House of Commons Hansard #68 of the 39th Parliament, 2nd Session. (The original version is on Parliament's site.) The word of the day was ontario.

Topics

Canadian Pacific Rail Yard
Petitions
Routine Proceedings

3:15 p.m.

Conservative

Gary Goodyear Cambridge, ON

Mr. Speaker, I have yet another petition calling on Parliament to pay attention to Canadian Pacific Railway's intent to put in a bargain basement rail yard.

The petitioners are concerned about protecting the Nith River from spills and leaks and other contaminants known to be related to the railroad industry. As well, they are concerned about the lengthy idling of engines that pollute our atmosphere.

There now amounts to about 3,000 petitioner signatures asking that the government pay attention to this despicable situation.

Canadian Health Network
Petitions
Routine Proceedings

3:15 p.m.

Liberal

Robert Thibault West Nova, NS

Mr. Speaker, I am pleased to present to the House a certified petition from concerned citizens across Canada regarding the government's senseless funding cuts to the Canadian health network.

Canada's leading bilingual, non-commercial web based source for health information is slated to close today as part of the Public Health Agency of Canada's mandate to cut $17 million in grants and contributions, despite the $14 billion surplus.

The petitioners call upon the government to reinstate funding to the Canadian health network. I am pleased to add my name to this petition.

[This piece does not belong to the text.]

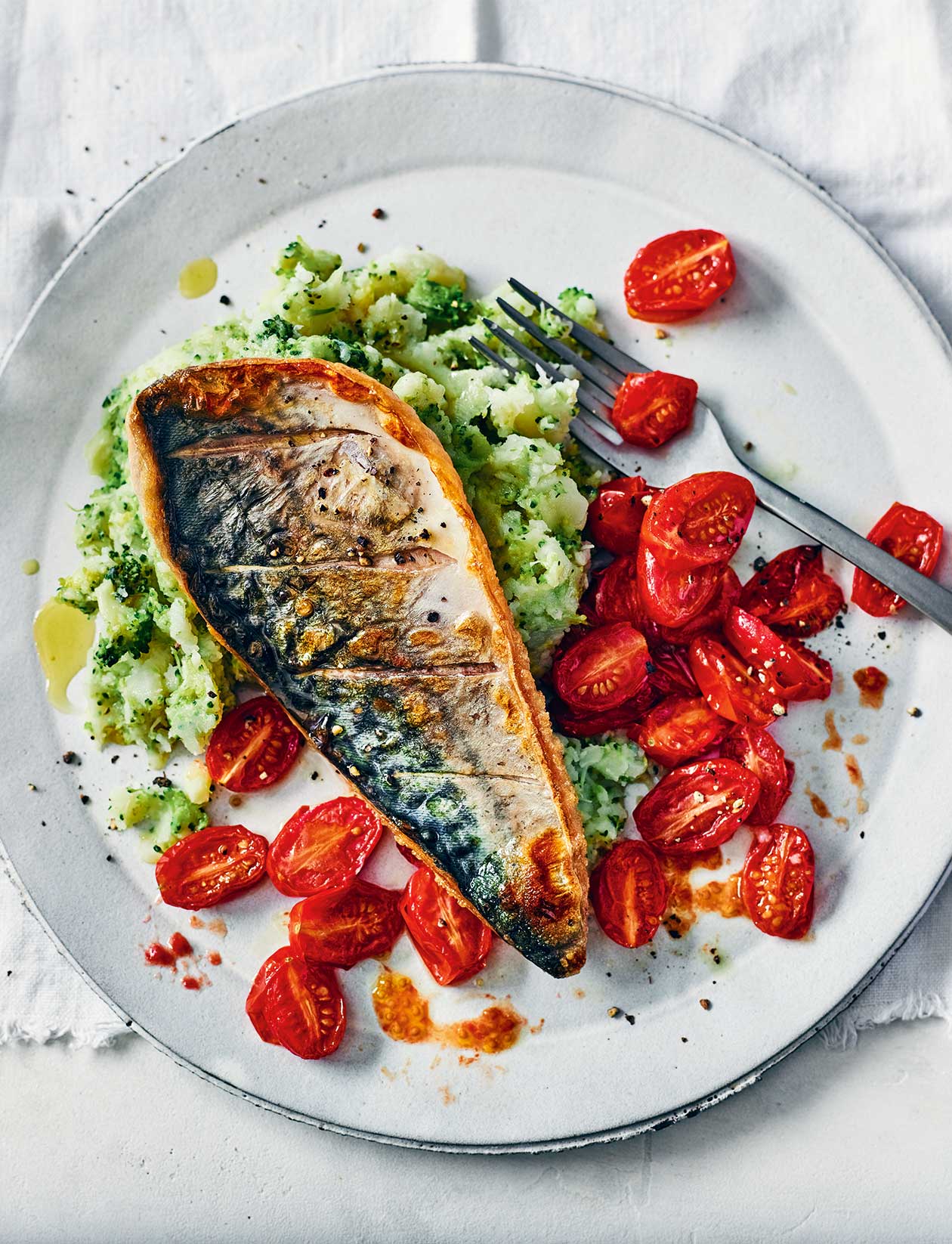 Mackerel and tomatoes with broccoli smash recipe | Sainsbury`s Magazine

Questions on the Order Paper
Routine Proceedings

March 31st, 2008 / 3:15 p.m.

Regina—Lumsden—Lake Centre
Saskatchewan

Conservative

Tom Lukiwski Parliamentary Secretary to the Leader of the Government in the House of Commons and Minister for Democratic Reform

Mr. Speaker, the following questions will be answered today: Nos. 87, 188, 191, 194, 197 and 200.

Question No. 87
Questions on the Order Paper
Routine Proceedings

3:15 p.m.

Liberal

Don Bell North Vancouver, BC

With respect to the Summer Career Placement Program for 2005 and 2006 and to Canada Summer Jobs for 2007, in the riding of North Vancouver, what was the total: (a) number of applicants; (b) number of successful applicants; (c) dollar amount of grants awarded to successful applicants; and (d) number of student jobs created?

Question No. 87
Questions on the Order Paper
Routine Proceedings

3:15 p.m.

Medicine Hat
Alberta

Conservative

Monte Solberg Minister of Human Resources and Social Development

Mr. Speaker, Human Resources and Social Development Canada does not generally compile or analyze expenditure information by electoral district.

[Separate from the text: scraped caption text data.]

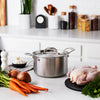 Handmade stainless steel 5-quart sauce pot with lid, featuring durable fully clad construction, displayed on a kitchen countertop with fresh vegetables and poultry, ideal for Kitchen & Food, Cookware, Pots and Pans, and Best Sellers collections.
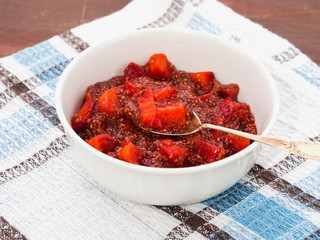 Chia puding with strawberry juice and strawberries in a bowl
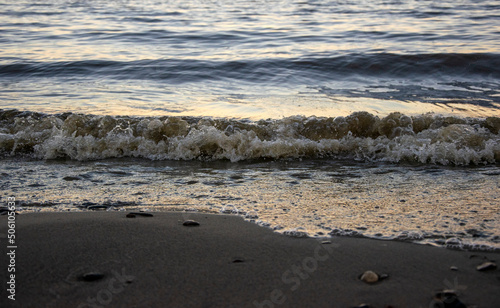 background sandy beach with waves and rocks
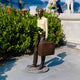 Life-Size Contemporary Fragmentary Traveller Bronze Sculpture by Giant Sculptures, suited man with briefcase and missing torso, displayed on a garden terrace.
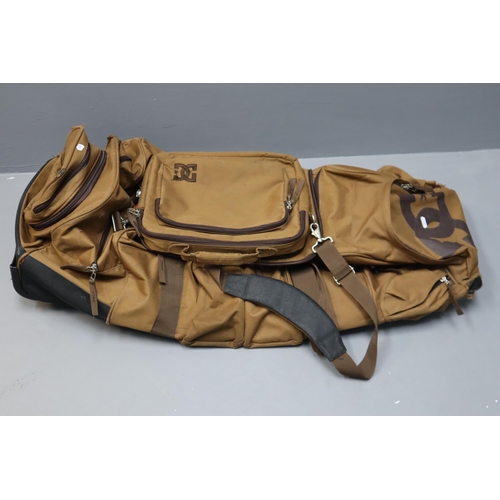 535 - A Large DC Shoes Pull Along Holdall, In Brown. AF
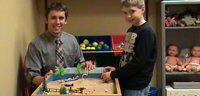 Male teacher and young boy playing a game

That being said, the summer career placement program was a program which had funding allocated on a riding basis. Therefore, with respect to the riding of North Vancouver, in 2005-06, the number of summer career placement applicants was 36, of which 34 were successful. The total dollar amount awarded to the successful applicants was $275,108 and 85 positions were supported through the program. In 2006-07, the number of applicants was 49, of which all 49 were accepted. The total dollar amount awarded to successful applicants was $369,541, and 117 positions were supported through the program.

The Canada summer jobs 2007 initiative was launched by the government on March 1, 2007, to replace the summer career placement program. This initiative, however, did not allocate funding on a riding basis.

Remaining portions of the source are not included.